Poster Presentation 24th Annual Lorne Proteomics Symposium 2019

From raw data to biological insights: A computational pipeline for SWATH-MS-based proteomics (#117)

Srikanth S. Manda 1 , Max Wittmann 1 , Michael Dausmann 1 , Michael Hecker 1 , Brett Tully 1 , Peter Hains 1 , Phil Robinson 1 , Roger Reddel 1 , Qing Zhong 1
  1. Children's Medical Research Institute, University of Sydney, Westmead, New South Wales, Australia

SWATH-MS is a type of data-independent acquisition (DIA) method that combines the advantage of both shotgun and targeted proteomics, attaining deep proteome coverage, reproducibility, and accurate protein quantification. The analysis of SWATH-MS data involves generation of a spectral library that records prior knowledge about the mass spectrometric and chromatographic behaviour of peptides, which are used to deconvolute highly complex SWATH-MS data in a targeted manner. Tools such as PeakView®, Spectronaut X™, OpenSWATH or DIAUmpire can be used to analyze the SWATH-MS data against the spectral library of interest. Upon controlling false discovery rates (FDR), protein inference and quantification could be achieved by tools like aLFQ  , Diffacto and mapDIA. To our knowledge, currently, there is no pipeline consolidating these various steps.

In this study, we propose a computational pipeline that integrates various open source tools to generate a final protein matrix starting with the raw input. The pipeline starts with the conversion of wiff files to MGF for data-dependent acquisition and mzML for SWATH-MS runs respectively, followed by the application of three complementary search engines (MS-GF+, Mascot and X!Tandem) against the UniProt database with decoys. The search results are combined using the PeptideShaker algorithm . Results are subsequently filtered at 1% peptide and protein levels to generate the final spectral library. OpenSWATH pipeline is then used along with the PyProphet and TRIC algorithms, with FDR being controlled for both peptides and proteins at either run-specific, experiment-wide or global contexts.
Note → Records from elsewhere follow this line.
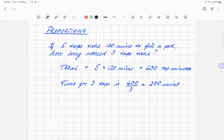So in these proportion questions, where you've got a certain number of people doing a job for a certain amount of time — or, as in this case, five taps taking 120 minutes to fill a pool, and then you change the number of taps — always start with the total amount of work done. So in this case, five taps are running for 120 minutes, which means a total of 600 tap minutes.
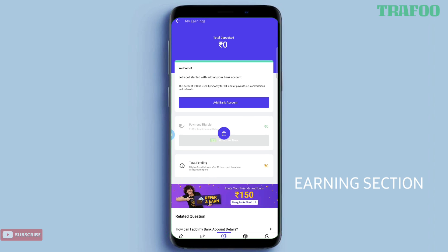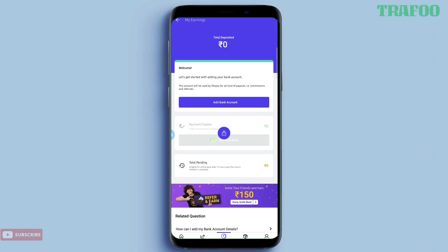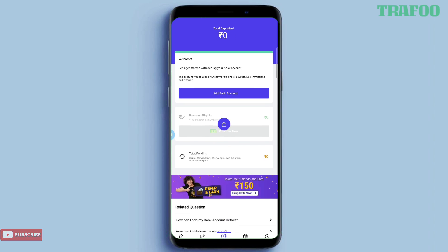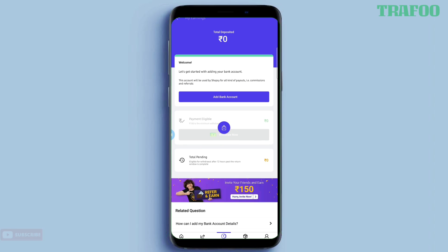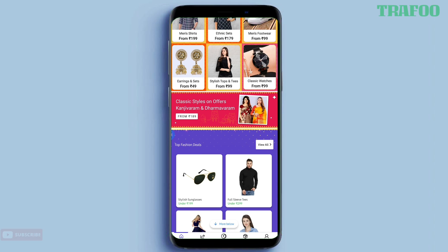You can add the information of bank account information. You can also add the information from the information. If you want to add the products, we will do this by adding the information. I will talk about a few tips on how to make your products.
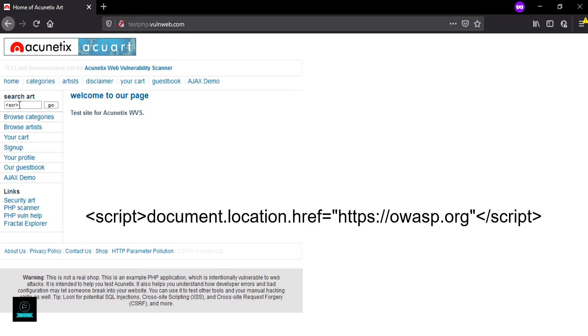The payload is a script tag: document.location.href equals the HTTP address where we want to redirect, and then close the script tag.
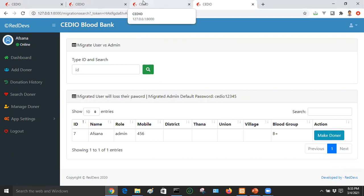If you have a blood donation, you can view the full history — individual records and total history. If you have a donor, you can search by reason, phone number, ID, and more.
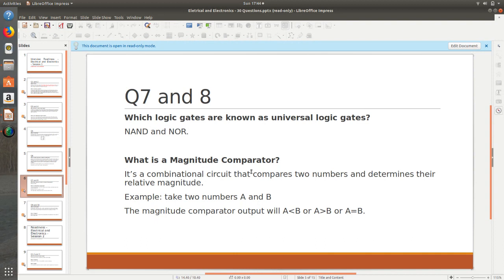Which logic gates are referred to as universal gates? NAND and NOR — you can build any gate from NAND and NOR, and that is why we call them universal gates. What is a magnitude comparator? The magnitude comparator is a combinational circuit that compares two numbers and determines their relative magnitude — for example, A less than B, A greater than B, A equal to B, and so on.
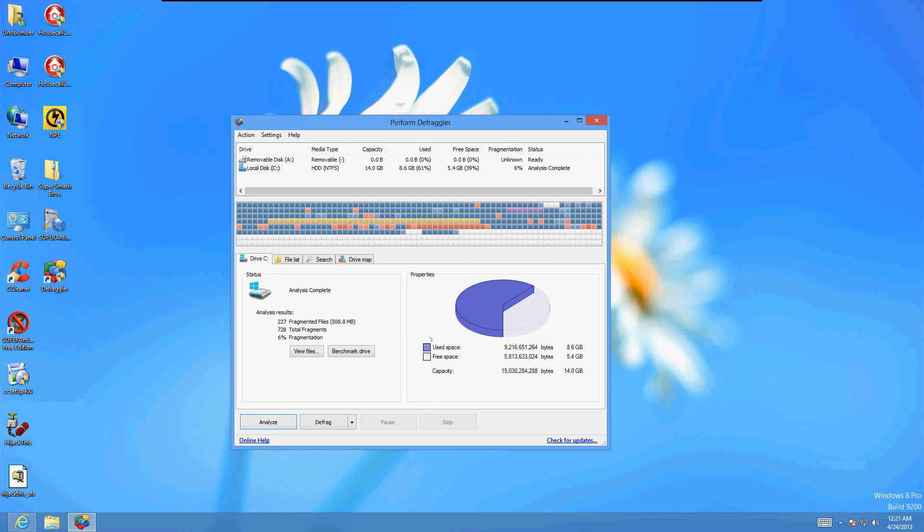Now, to defragment, you just click on defrag here. I don't need it because I'm at 6%. Remember, if you're over 10%, you need it. So then you click on defrag and it'll start doing it. And it can take from 30 minutes up to a couple of hours depending on your computer and your hard drive size.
Finally, the Diffacto method is used for protein inference and quantification. Exploratory data visualisation using various plots is further provided on the resulting protein matrix.  

We have applied this pipeline to a benchmark cancer dataset and compared with a commercial pipeline, showing comparable results both at the peptide and protein levels. We further demonstrated that the pipeline is robust and easily scalable to any large dataset generated by SWATH-MS.